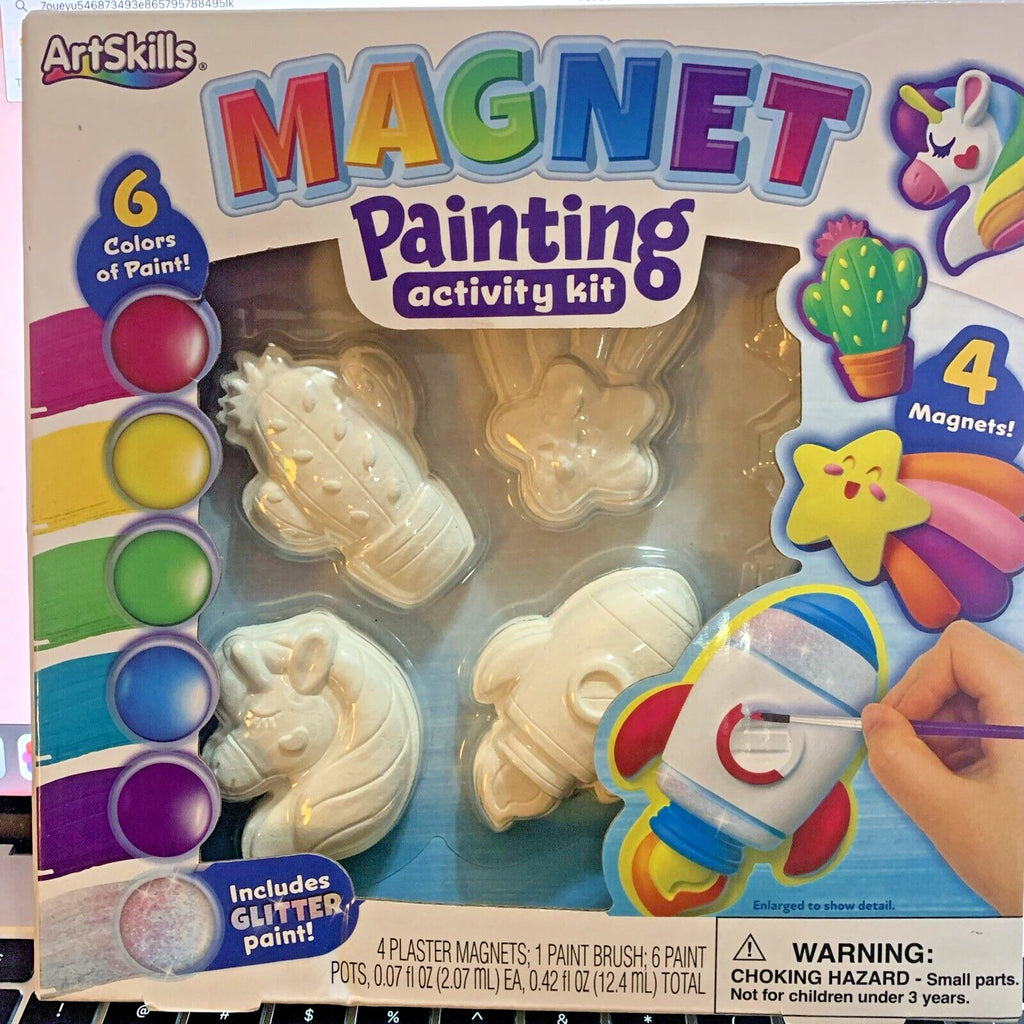 Art Skills Paint-Your-Own Ceramic Magnets, Set of 4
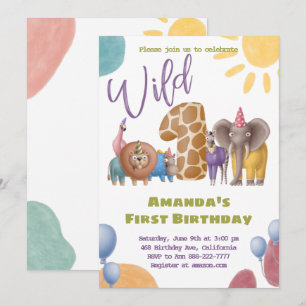Safari Wild Une invitation d'anniversaire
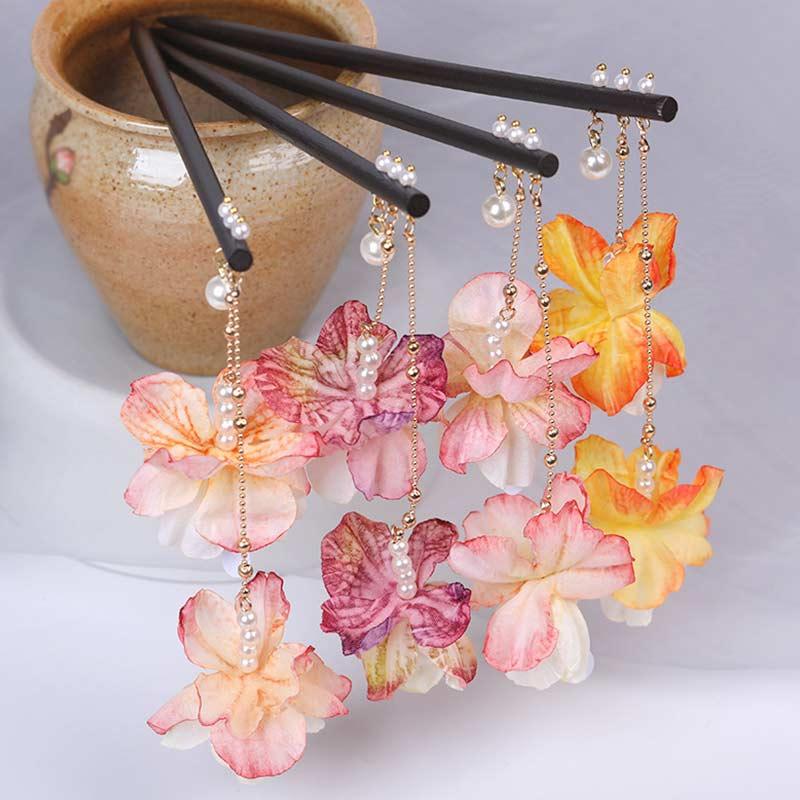 

Hair Clips & Barrettes Retro Chinese Hanfu Cheongsam Stick Classical Flower Led Lights Wood Hairpin Tassels Step Shake Handmade Ornaments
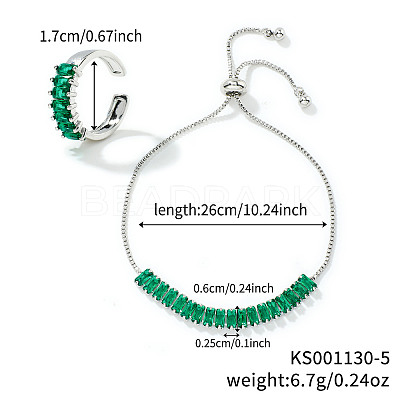 Chic Rectangle Brass Rhinestone Slider Bracelets & Cuff Rings Sets for Daily Wear VC3129-4-1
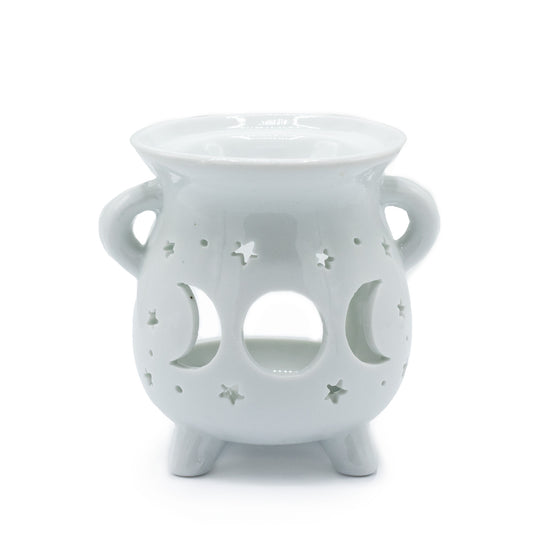 Cauldron Oil Burner - Moon Phase - White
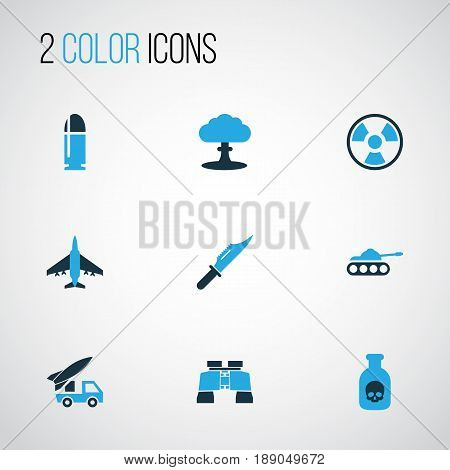 Combat Colorful Icons Set. Collection Of Poison, Bio Hazard, Binoculars And Other Elements. Also Includes Symbols Such As Hazar, Nuclear, Artillery.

◆ **What to do**: Only the entries themselves should be output, word for word, with all pictures omitted.

◆ **Response area**:
 Art Skills Paint-Your-Own Ceramic Magnets, Set of 4
Safari Wild Une invitation d'anniversaire

Hair Clips & Barrettes Retro Chinese Hanfu Cheongsam Stick Classical Flower Led Lights Wood Hairpin Tassels Step Shake Handmade Ornaments
 Chic Rectangle Brass Rhinestone Slider Bracelets & Cuff Rings Sets for Daily Wear VC3129-4-1
 Cauldron Oil Burner - Moon Phase - White
 Combat Colorful Icons Set. Collection Of Poison, Bio Hazard, Binoculars And Other Elements. Also Includes Symbols Such As Hazar, Nuclear, Artillery.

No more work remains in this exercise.